## Problem
Repeat exactly the lines of the material below that run from the "Pendientes Dorados Thomas Sabo Paradise" line to the "2 arches birthday package" line, including both, and do not carry over any pictures.

## Raw data
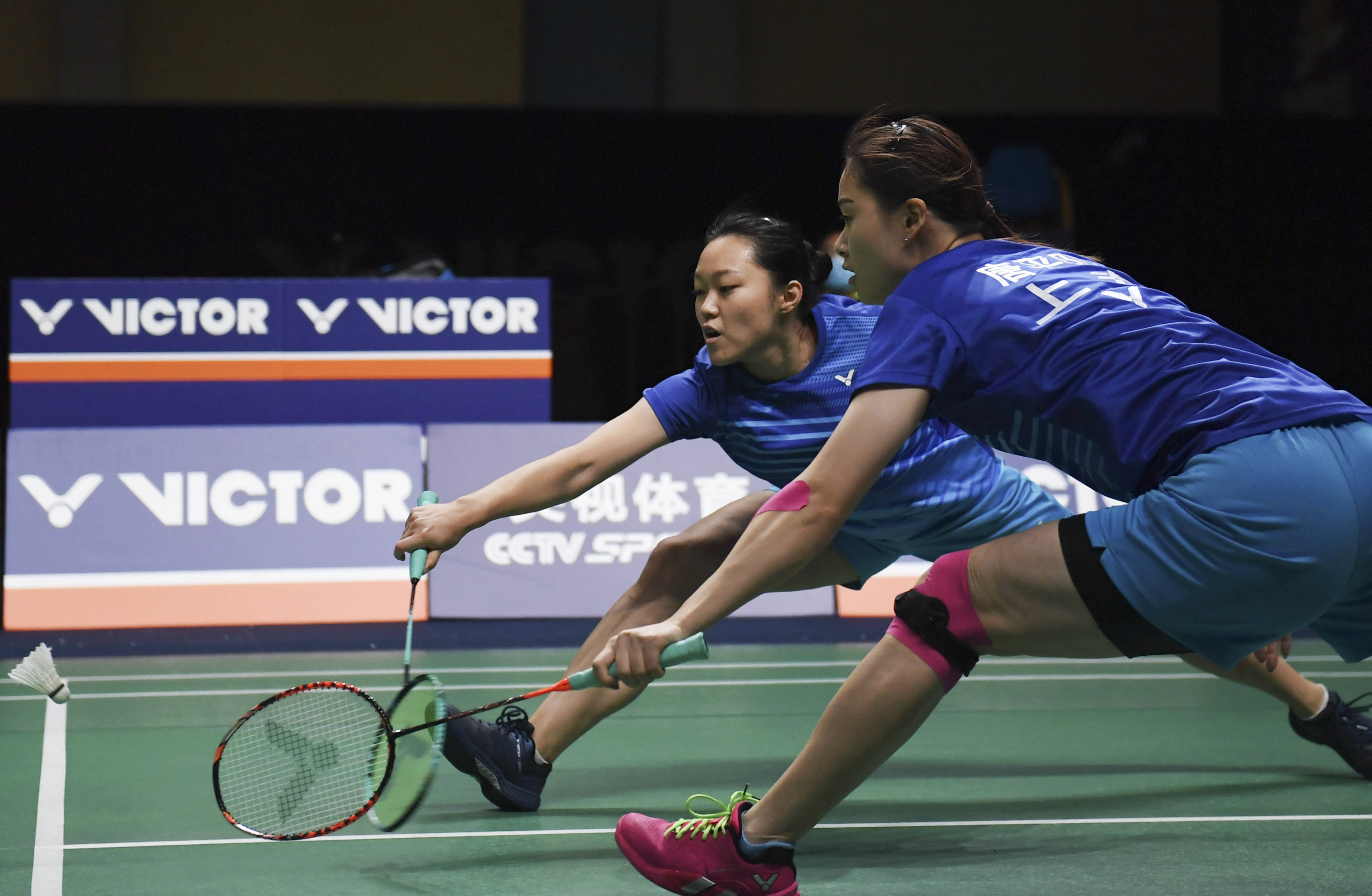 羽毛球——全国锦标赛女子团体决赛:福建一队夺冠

==

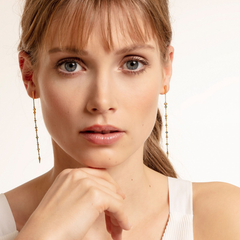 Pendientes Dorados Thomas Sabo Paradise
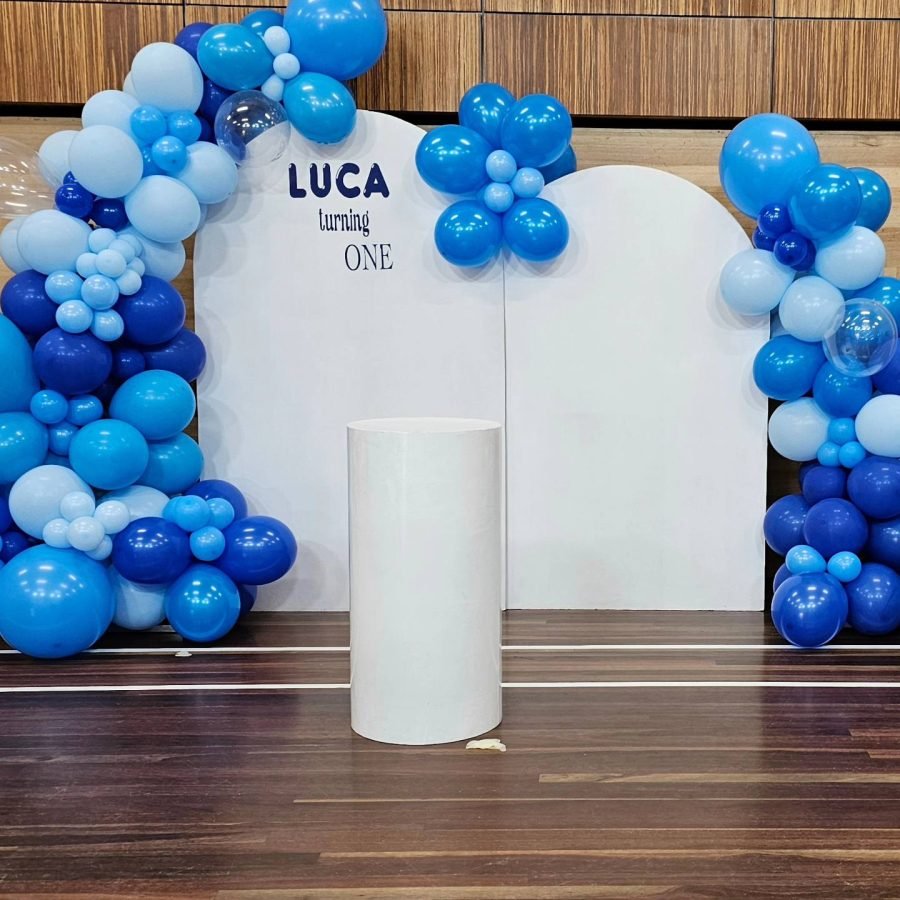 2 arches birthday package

## Exercise answer
 Pendientes Dorados Thomas Sabo Paradise
 2 arches birthday package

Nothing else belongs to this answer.